在這樣一個關鍵時期,在徹底解決“捱打”“捱餓”的問題之後,歷史要求我們正視和徹底解決“捱罵”的問題。這就要求我們:徹底解決國內價值觀問題,牢牢建立起全國人民對黨的理論和道路的認同;通過科學、客觀而高明的話語戰略,贏得全球價值觀競爭,樹立起中國的正面形象;以及基於科學精神,打掃屋子,清除披着社會科學外衣的西方意識形態的影響,建立起能夠科學理解和解釋中國政治實踐和人類政治經驗的政治學新知識體系。
這樣一種新知識體系一定是基於強大的核心概念體系構建起來的,而新的核心概念體系的建立首先要求系統解構西方核心概念。概念是思想的支點。哲學家們喜歡以繁瑣的語言抽象地討論歷史上出現的思想觀念,但是這些哲學觀念出現時絕不僅僅是抽象的,而是針對活生生的經濟利益、政治立場和思想鬥爭的。如果不關注那些在歷史語境中凝練出的概念,人們不可能真正理解思想的歷史。
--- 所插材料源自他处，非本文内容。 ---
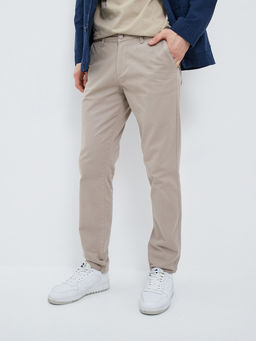 Мужские брюки зауженного кроя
美國哲學家阿瑟·洛夫喬伊(Arthur Lovejoy)強調在思想史研究中要聚焦於“觀念的單元”,【3】昆廷·斯金納(Quentin Skinner)將這種“單位”具體到“概念”之上,將概念的研究作為研究和理解歷史的一種形式。【4】社會科學同樣離不開概念,任何理論體系都始於基本概念,理論本身就是對概念化的現實的解釋,因而在形式上必然表現為一系列相互關聯概念之間的關係(比如,民主化理論就表現為“競爭性選舉”與“經濟發展”“穩定”“人權”“法治”等一系列概念之間的關係)。概念又是日常會話的基礎,人們日常談論社會問題時,不可能擺脱國家、民主、自由、法治之類的基本概念。理論本身往往過於複雜,很難被大眾理解並運用在日常會話中。只有大眾化、通俗化的版本可以滲入日常生活,而這些大眾化、通俗化的理論表達,就更離不開概念。因此,概念對意識形態理論和日常話語都是關鍵的要素。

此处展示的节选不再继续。